Data items:

╭──

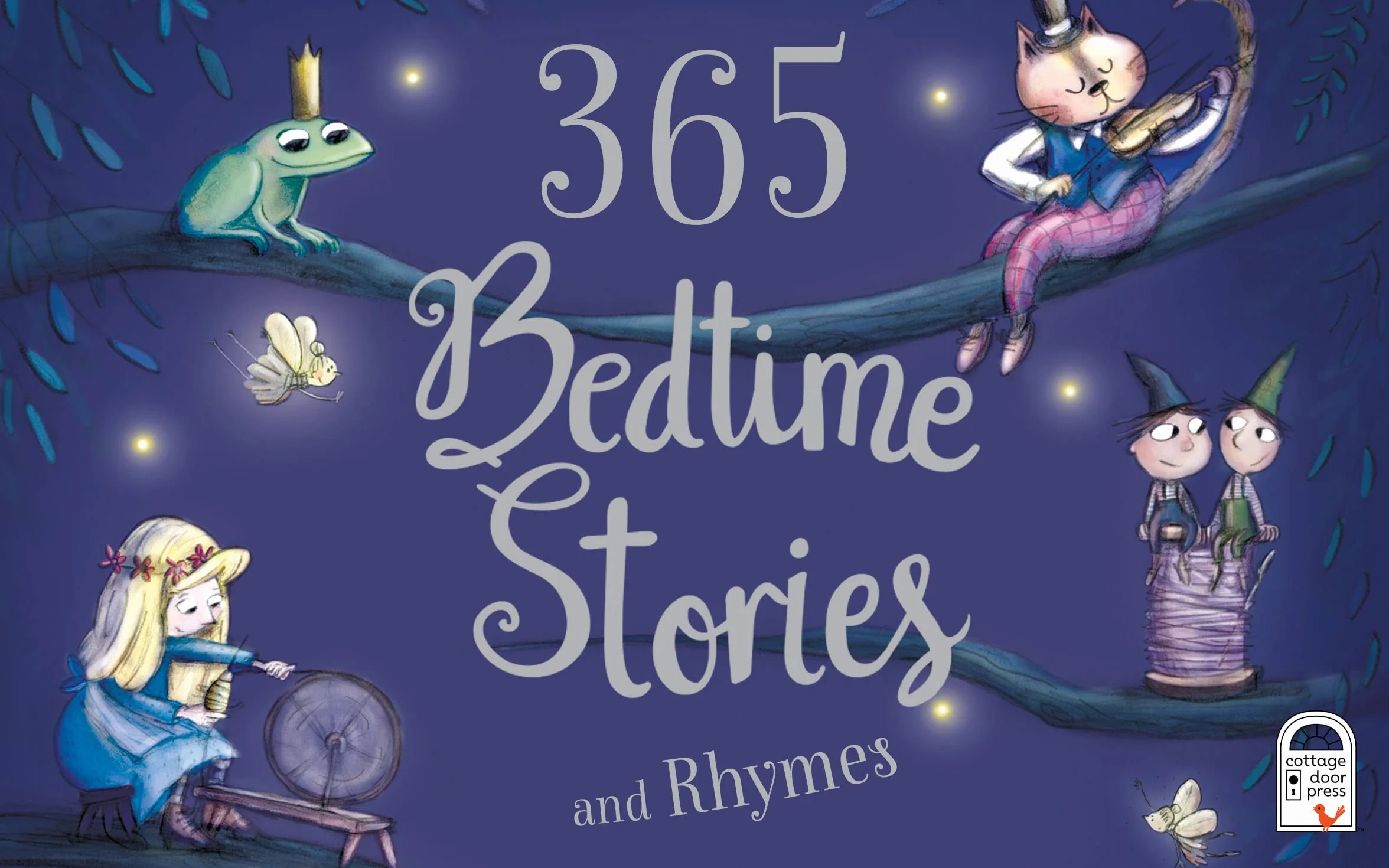 365 Bedtime Stories and Rhymes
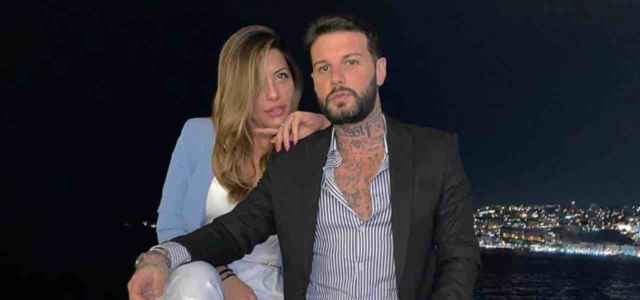 Flavio Zerella e Nunzia Sansone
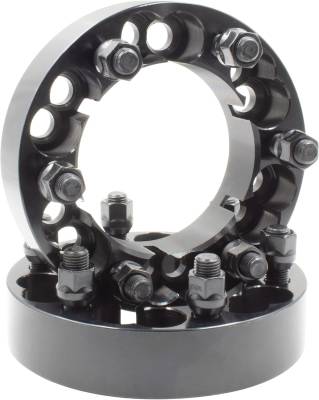 Coyote Premium Wheel Accessories - Coyote 6550/135-6550-CF.2 Wheel Adapter 6061 Billet Aluminum 6x5.5/135-6x5.5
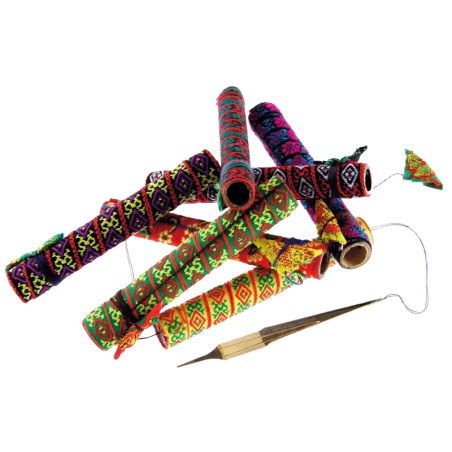 Dan Moi Jaw Harp - Standard | Rhythms & Roots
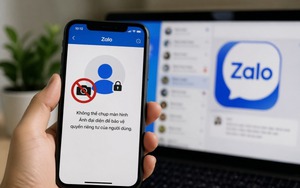 Hướng dẫn thiết lập quyền riêng tư, chống quay chụp ảnh đại diện trên Zalo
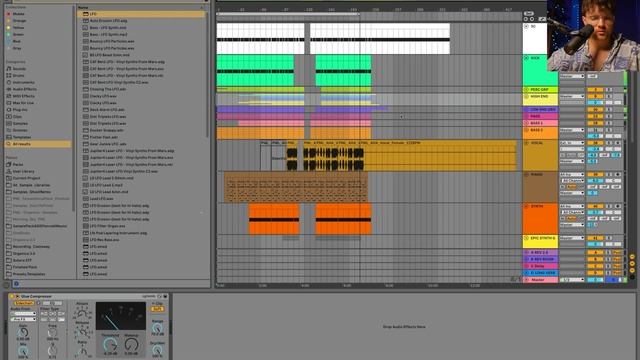 1.13.2 - Arrangement Creating Structure смотреть онлайн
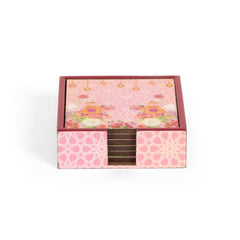 Madhura Coaster Set of 6 - Home4u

╰──

EXERCISE DESCRIPTION: Quote the records in their entirety, keeping the wording exact and excluding pictures.

EXERCISE ANSWER:
 365 Bedtime Stories and Rhymes
 Flavio Zerella e Nunzia Sansone
 Coyote Premium Wheel Accessories - Coyote 6550/135-6550-CF.2 Wheel Adapter 6061 Billet Aluminum 6x5.5/135-6x5.5
 Dan Moi Jaw Harp - Standard | Rhythms & Roots
 Hướng dẫn thiết lập quyền riêng tư, chống quay chụp ảnh đại diện trên Zalo
 1.13.2 - Arrangement Creating Structure смотреть онлайн
 Madhura Coaster Set of 6 - Home4u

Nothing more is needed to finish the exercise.